La langue française, on le sait, n’est pas ce que Nicolas Sarkozy maîtrise le mieux… Un député socialiste, François Loncle, lassé du relâchement du langage présidentiel – et imaginant peut-être devoir le supporter encore quelques années –, a posé, en février 2010, par les voies officielles, la question suivante au ministre de l’Education nationale: quelles «dispositions» entendait-il prendre pour «remédier sans délai» aux «fautes de langage de Nicolas Sarkozy»?
Neuf mois après cette question écrite, Luc Chatel a pris sa plus belle plume et rendu sa copie le 7 décembre 2010, s’adressant directement au député. Allait-il prôner le châtiment corporel, le bonnet d’âne ou la méthode Freinet? La réponse se trouve sur le site Mediapart, qui reproduit intégralement la lettre du ministre. Elle commence ainsi:
« Vous attirez mon attention sur le niveau de français pratiqué par la président de la République, niveau que vous jugez insuffisant, voire indigne au regard de ses fonctions de représentation et auquel vous me demandez de remédier. S’il est évidemment des questions plus importantes, je tiens néanmoins à vous apporter une réponse complète sur le sujet.»
Soulignant la difficulté de l’expression orale, « soumise à de multiples contraintes », il continue : « Vous reconnaîtrez d’ailleurs que […] le président de la République montre de grandes qualités rhétoriques, telle que la force expressive, la conviction, l’à-propos, la repartie ou la puissance d’évocation. » N’en jetez plus!
Mais le plus beau est à venir : « […] en ces temps de complexité et de difficulté, le président de la République parle clair et vrai, refusant un style amphigourique et les circonvolutions syntaxiques qui perdent l’auditeur et le citoyen.» C’est donc pour notre bien à tous et pour ne pas fatiguer inutilement nos neurones que le président s’exprime de cette façon: «On s'demande c'est à quoi ça leur a servi toutes ces années (d'études) pour avoir autant de mauvais sens» (sic, mars 2009).
Alors, qu’est-ce qu’on dit ?
heureusement, l'ancien porte parole de l'UMP a des projets!
Une «fête de la gastronomie française» aura lieu chaque année le 23 septembre, premier jour de l’automne, ont annoncé mardi le secrétaire d’Etat au Tourisme et au Commerce et les organisations professionnelles de restaurateurs Frédéric Lefebvre.
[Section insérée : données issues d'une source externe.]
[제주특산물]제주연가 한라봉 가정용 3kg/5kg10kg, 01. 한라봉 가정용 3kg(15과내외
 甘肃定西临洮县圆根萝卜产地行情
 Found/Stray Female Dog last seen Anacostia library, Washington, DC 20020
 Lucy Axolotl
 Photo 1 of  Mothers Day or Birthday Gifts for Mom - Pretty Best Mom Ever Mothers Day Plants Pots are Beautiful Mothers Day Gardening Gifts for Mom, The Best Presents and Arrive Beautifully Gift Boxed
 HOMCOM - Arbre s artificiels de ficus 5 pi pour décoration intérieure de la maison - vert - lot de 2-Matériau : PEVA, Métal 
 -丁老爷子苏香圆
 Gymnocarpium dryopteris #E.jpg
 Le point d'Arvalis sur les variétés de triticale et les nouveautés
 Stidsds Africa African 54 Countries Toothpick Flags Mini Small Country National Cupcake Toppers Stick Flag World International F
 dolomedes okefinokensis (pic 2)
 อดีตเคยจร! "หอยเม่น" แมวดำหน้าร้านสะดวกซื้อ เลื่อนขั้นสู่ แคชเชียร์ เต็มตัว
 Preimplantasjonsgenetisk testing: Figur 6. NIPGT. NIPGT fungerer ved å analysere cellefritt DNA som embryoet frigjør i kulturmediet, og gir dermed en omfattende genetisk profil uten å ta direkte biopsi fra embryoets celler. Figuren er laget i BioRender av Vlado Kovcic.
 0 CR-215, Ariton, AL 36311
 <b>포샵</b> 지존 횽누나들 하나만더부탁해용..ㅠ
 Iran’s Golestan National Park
Cette fête devra être «populaire» et permettre, comme la fête de la Musique, «de réunir les Français autour de valeurs d’échange, de partage de convivivalité et de plaisir», selon le communiqué du secrétariat d’Etat.
Frédéric Lefèbvre doit installer avant la fin du mois de janvier un comité de pilotage qui devra proposer un programme d’initiatives pour associer les Français à des événements permettant de valoriser la cuisine, dans le cadre de l’inscription par l’Unesco du repas gastronomique au patrimoine immatériel de l’humanité. Fixée au 23 septembre, premier jour de l’automne, cette fête permettra aussi de sensibiliser les consommateurs au choix des produits, la diversité des terroirs, les spécialités régionales.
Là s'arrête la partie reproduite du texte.